◆ **THE TASK**
Below are the records. Retype, exactly, the lines from the first through the line with "KTM 790 DUKE (2020) thumbnail 2", and leave out the pictures.

============

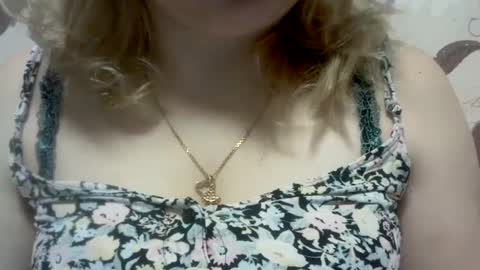 Snapshot of riveramaureen chatting on December 29, 2:00 pm RiveraMaureen online show from December 29, 2:00 pm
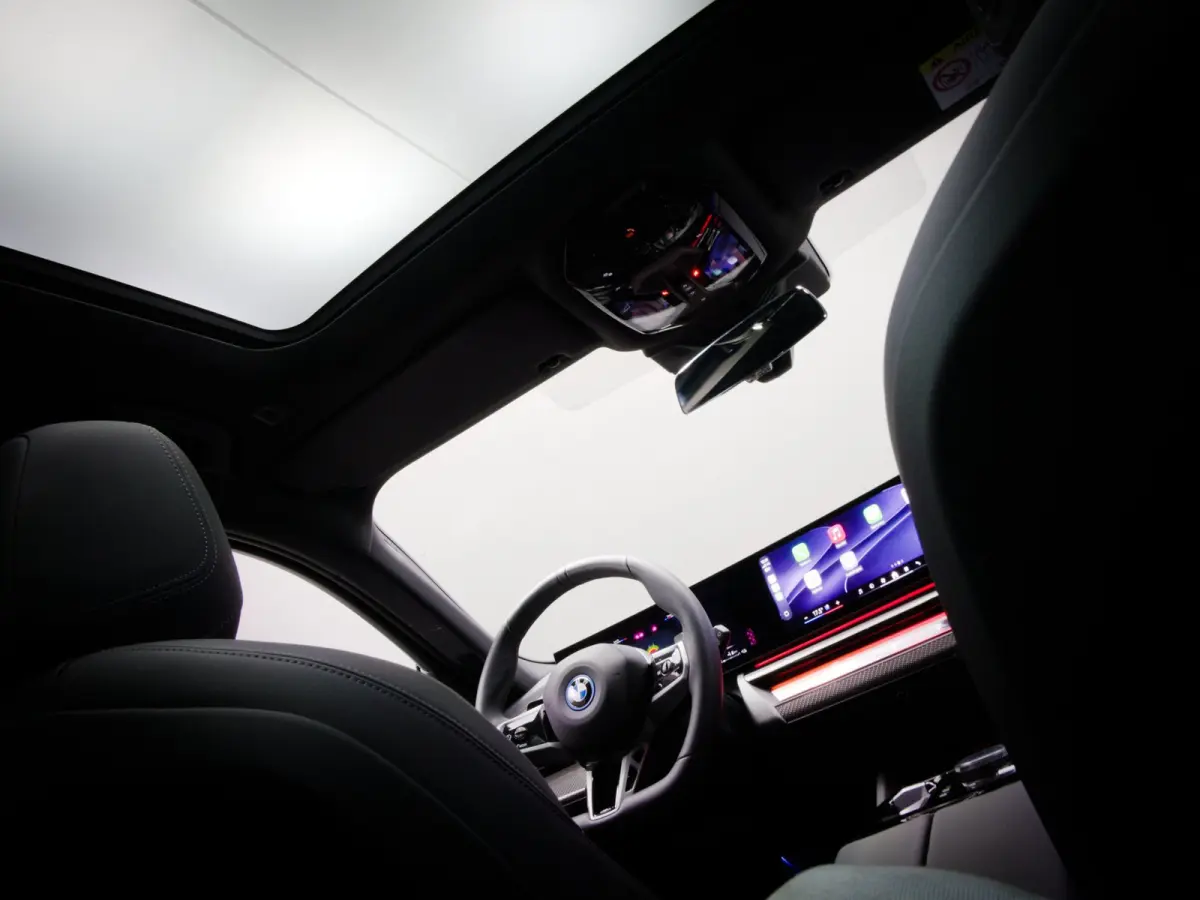 550e xDrive M-Sport (MAXTON, 4-WIELBESTURING, PANO, HARMAN/KARDON, STOELVENTILATIE, HEAD-UP, SFEERVERLICHTING)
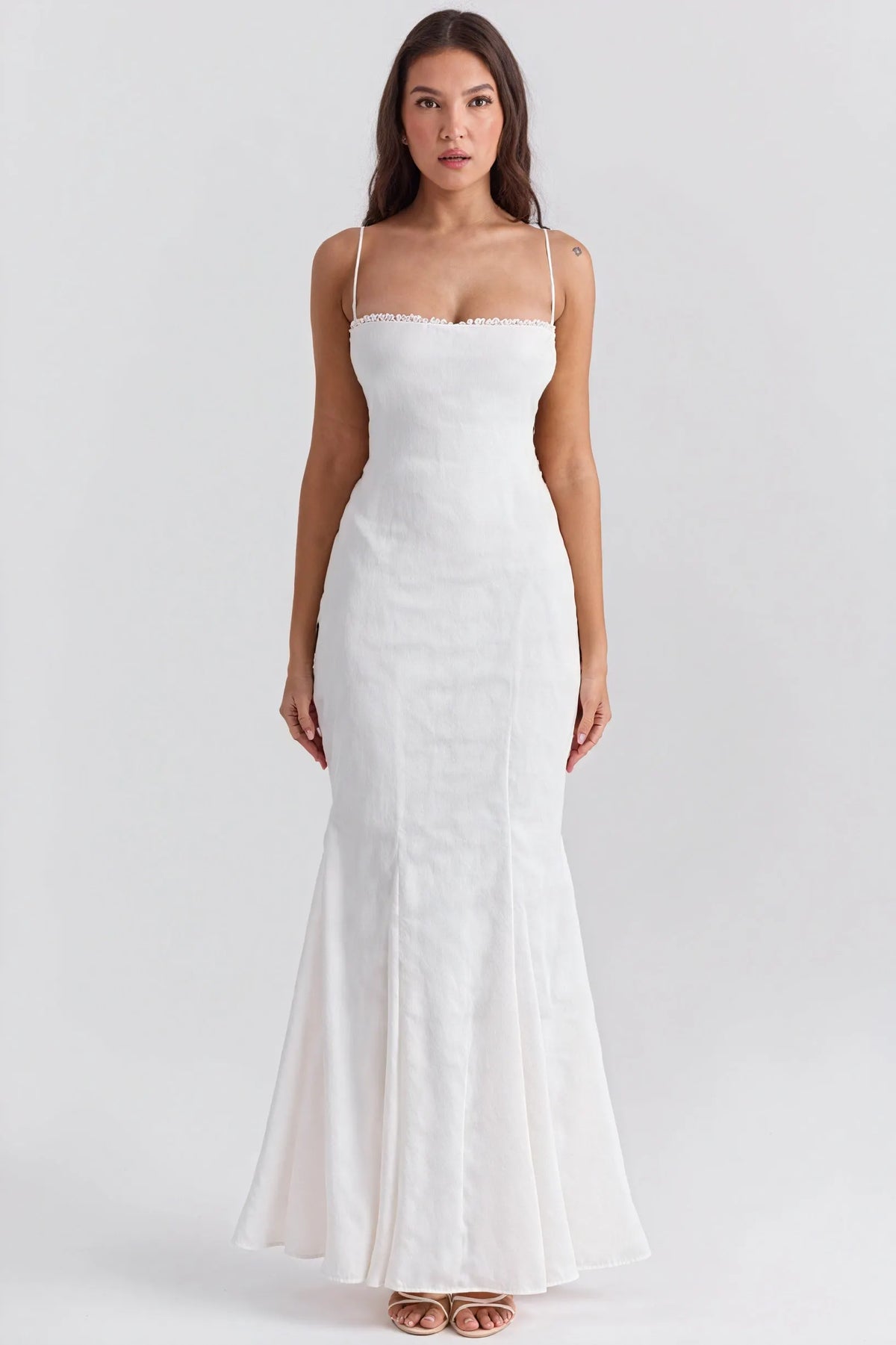 Anmutiges, langes Kleid mit feinen Trägern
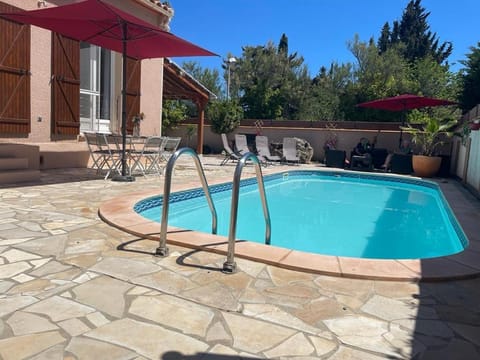 Pool view, Swimming pool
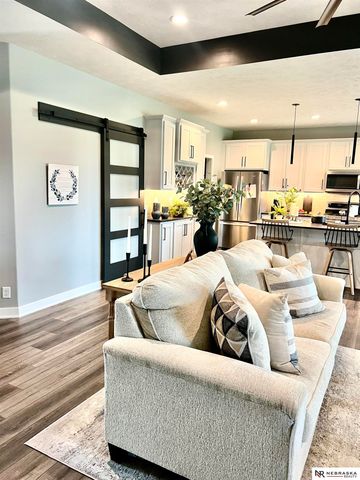 8010 Patrick Avenue, Lincoln, NE 68516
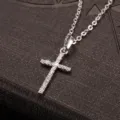 Dettaglio di alta qualità di una collana a croce hip-hop argentata con zirconi lucidi - Stile Pavé Strass / Argento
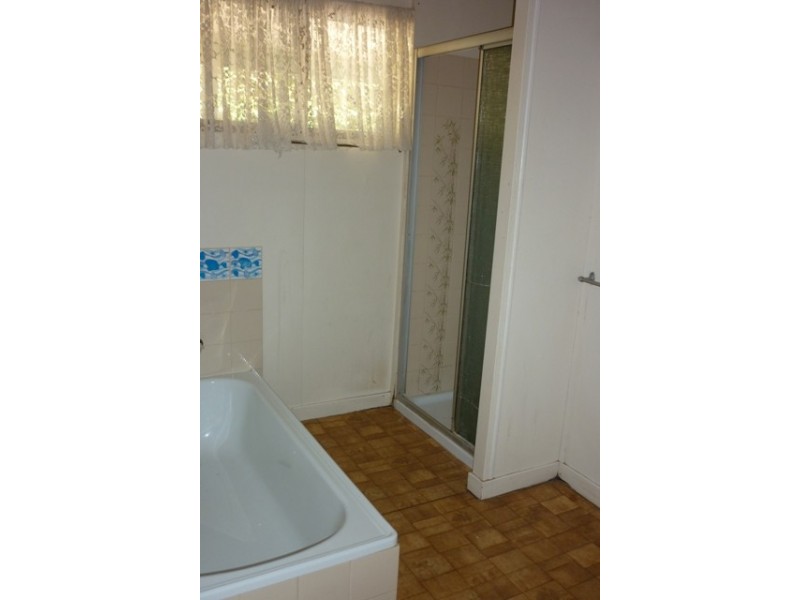 Rosemount QLD 4560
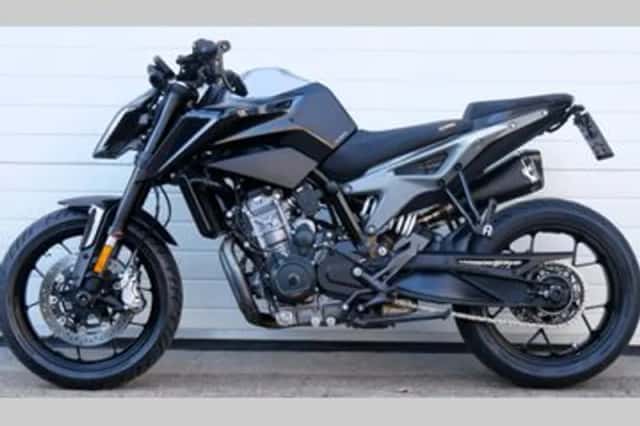 KTM 790 DUKE (2020) thumbnail 2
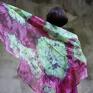 Unikatowa jedwabna chusta, malowana ręcznie, można nosić na różne sposoby jako dodatek do sukienek lub innych kreacji, delikatna i przejrzysta, wykonana. Chustki i apaszki
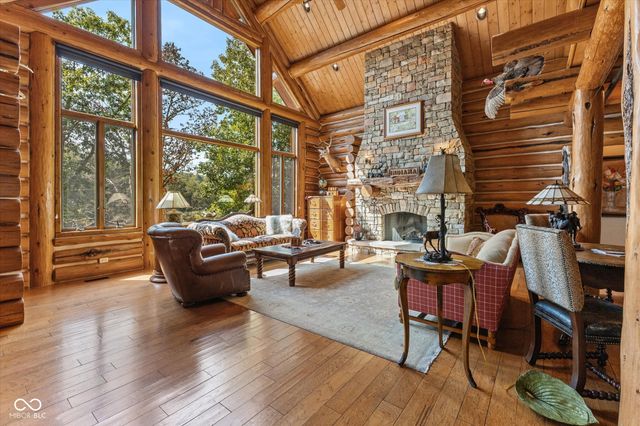 7839 W Bellsville Pike, Nashville, IN 47448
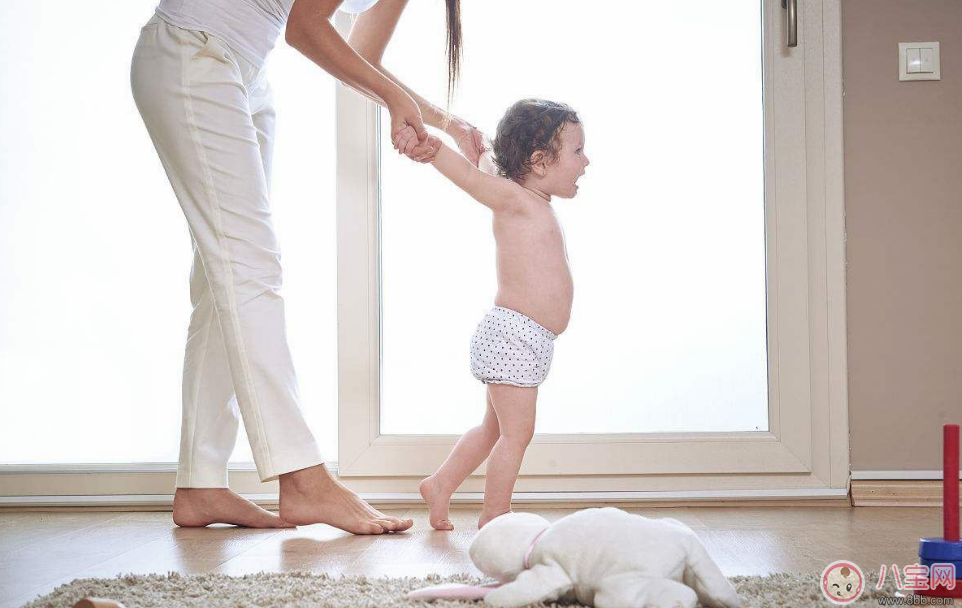 孩子生病大人的心情短語說說   擔心孩子生病的句子說說朋友圈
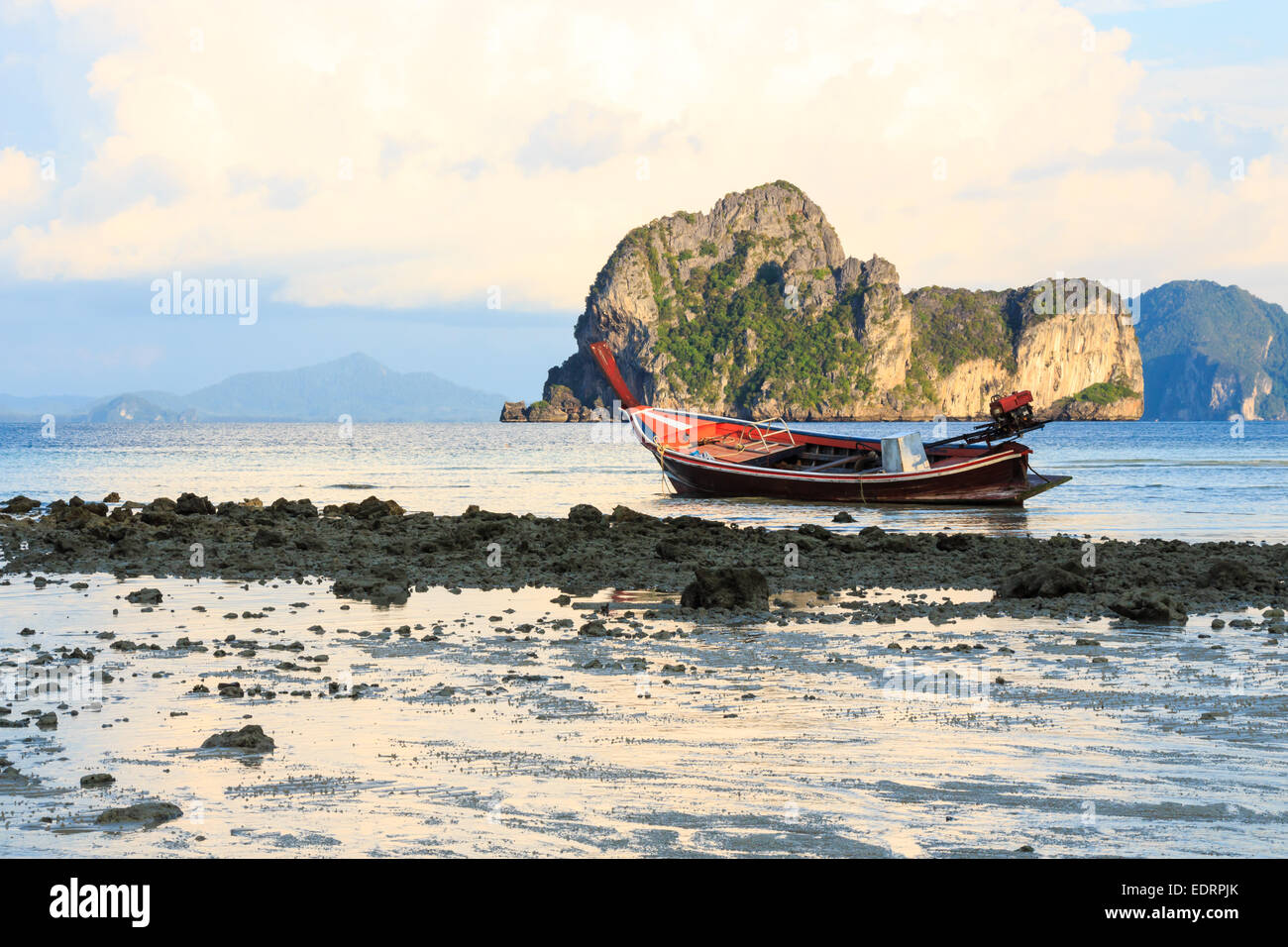 Native Boot am Strand und Insel Abend in Trang, Thailand Stockfoto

============

◆ **RESPONSE TO THIS EXERCISE**
 Snapshot of riveramaureen chatting on December 29, 2:00 pm RiveraMaureen online show from December 29, 2:00 pm
 550e xDrive M-Sport (MAXTON, 4-WIELBESTURING, PANO, HARMAN/KARDON, STOELVENTILATIE, HEAD-UP, SFEERVERLICHTING)
 Anmutiges, langes Kleid mit feinen Trägern
 Pool view, Swimming pool
 8010 Patrick Avenue, Lincoln, NE 68516
 Dettaglio di alta qualità di una collana a croce hip-hop argentata con zirconi lucidi - Stile Pavé Strass / Argento
 Rosemount QLD 4560
 KTM 790 DUKE (2020) thumbnail 2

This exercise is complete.